T-cad is originally expressed on the cell surface of the heart, muscle, and endothelial cells as GPI-anchored form22, 23). We previously demonstrated that APN bound to T-cad on the cell surface with a considerable high affinity and preferentially increased 130 kDa T-cad in tissues and cells21). Interestingly, tissue T-cad protein level, not mRNA level, was dramatically decreased in APN-null mice and APN supplementation significantly recovered such T-cad reduction22). The importance of T-cad on cardiovascular protection is reported by our group and other investigators24-26). We thus hypothesized that circulating T-cad level might reflect the tissue amount of GPI-anchored T-cad. As shown in Fig.2, Group I (high T-cad and low APN) showed the highest AUC of CK-MB level among all groups. In high T-cad groups (Groups I and III), low APN level (Group I) may be one of the risks for the enlargement of infarct area, as reported previously13). Even in low APN groups (Groups I and II), subjects with high T-cad (Group I) could be recognized as having a higher risk for severe prognosis. There is a possibility that the increase of serum soluble T-cad reflects the reduction of myocardial T-cad protein level especially in ischemia or infarct area and thus APN and T-cad-dependent cardioprotective effect is weakened, finally resulting in a large AUC of CK-MB (Group I vs. II). It will be needed to elucidate whether circulating soluble T-cad concentration reflects the amount of tissue T-cad in the future. Also, Group I included relatively young and obese subjects with relatively high blood glucose levels. This clinical feature of Group I may affect the AUC of CK-MB. A larger prospective study will be needed to investigate the usefulness of categorizing patients with STEMI with serum soluble T-cad and APN on admission for the prediction of severe prognoses, in comparison with the other well-known biomarkers (such as CK-MB, cardiac troponin, brain natriuretic peptide, and a ratio of lymphocyte to white cells) for STEMI.

This study has several limitations. First, the study was observational, has a relatively small population, and was performed in a single institution.
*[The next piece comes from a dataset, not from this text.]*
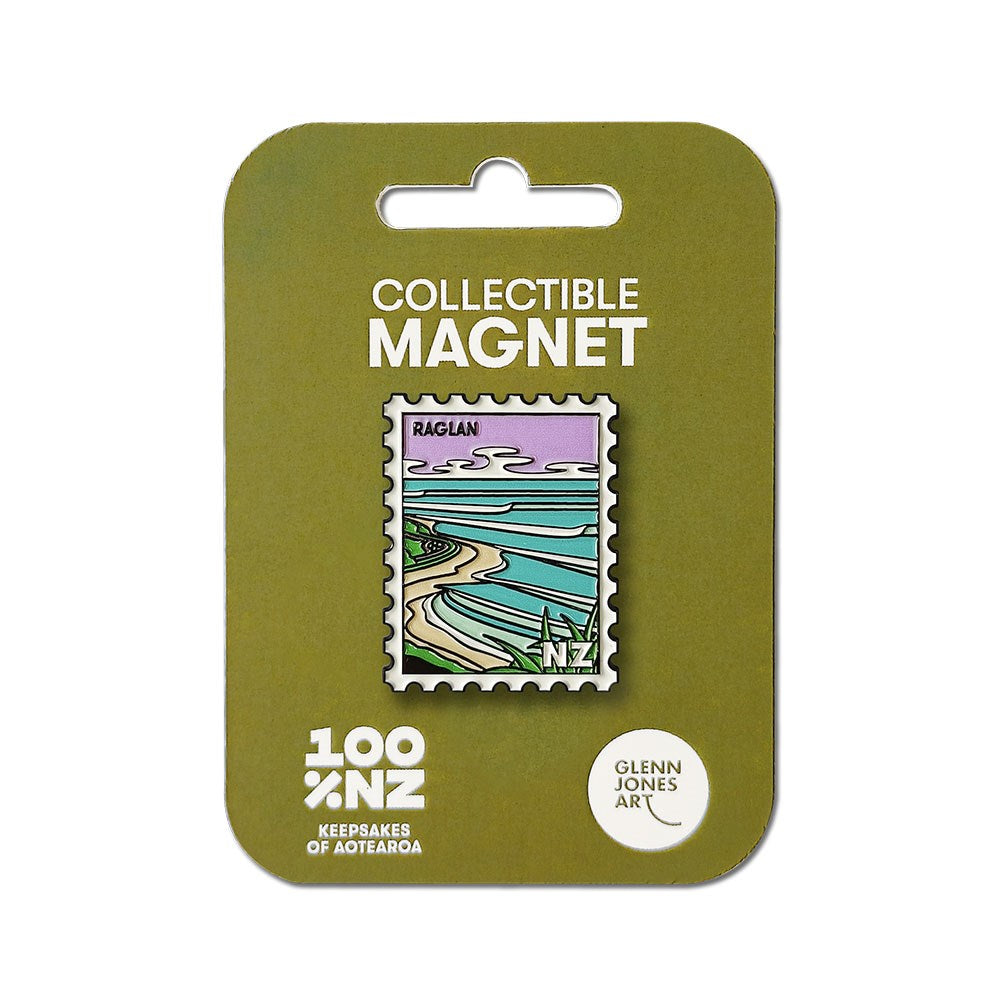 The Raglan Collectible Stamp Magnet, designed by Glenn Jones, is an enamel magnet shaped like a postage stamp with a stylized coastal scene. It comes on a green backing card labeled Collectible Magnet and 100% NZ.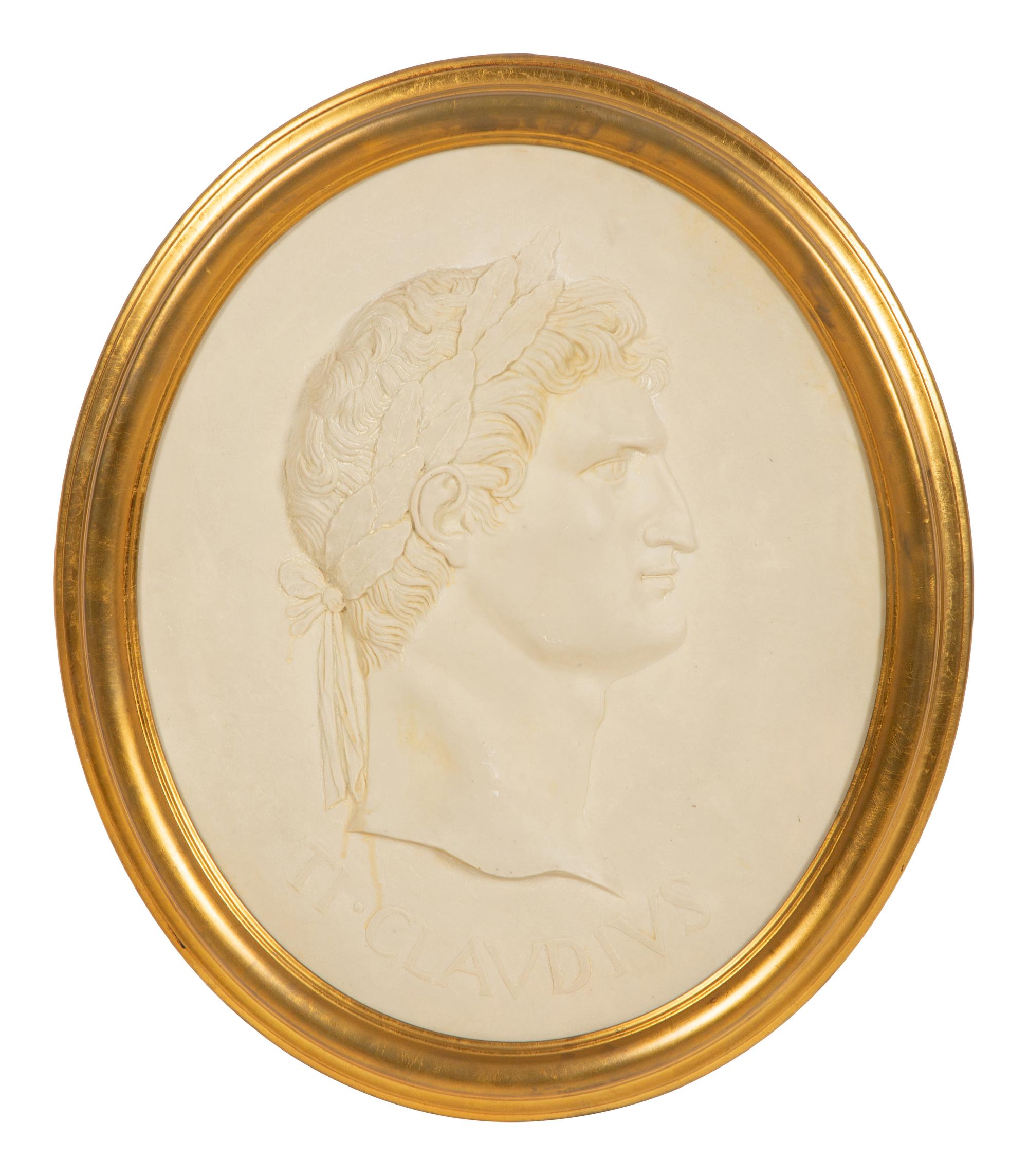 A Pair of Roman Style Composition Relief Plaques in Giltwood Frames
The influence of gender, culprit lesions of the coronary artery, medication, treatment for STEMI, and other residual or unmeasured factors on the concentration and the time course of serum soluble T-cad cannot be fully excluded. Further investigations are needed to clarify whether serum soluble T-cad predicts the severity or prognosis of STEMI.

In conclusion, we showed that serum soluble T-cad concentration dramatically changed with time in patients with STEMI, and the high T-cad and low APN concentration on admission was associated with the myocardial infarction size.

Acknowledgements

We thank Yasue Fukushima for excellent technical assistance and all members of the Third Laboratory (Adiposcience Laboratory, Department of Metabolic Medicine, Osaka University) for their helpful discussion of the project. This work was supported in part by a Joint Research with Kowa Pharmaceutical Co., Ltd. (to IS), by Grants-in-Aid for Scientific Research (C) No. 18K16229 (to YF), No.19K09023 (to HN), No. 19K08980 (to NM), and No. 19K08978 (to SK), Grants-in-Aid for Scientific Research (B) No. 18H02863 (to IS), Japan Foundation for Applied Enzymology (to YF), MSD Life Science Foundation (to YF), Japan Heart Foundation & Astellas Grant for Research on Atherosclerosis Update (to YF), and Uehara Memorial Life Science Foundation (to IS).

Conflict of Interests

All authors declared to have no conflict of interests in this study.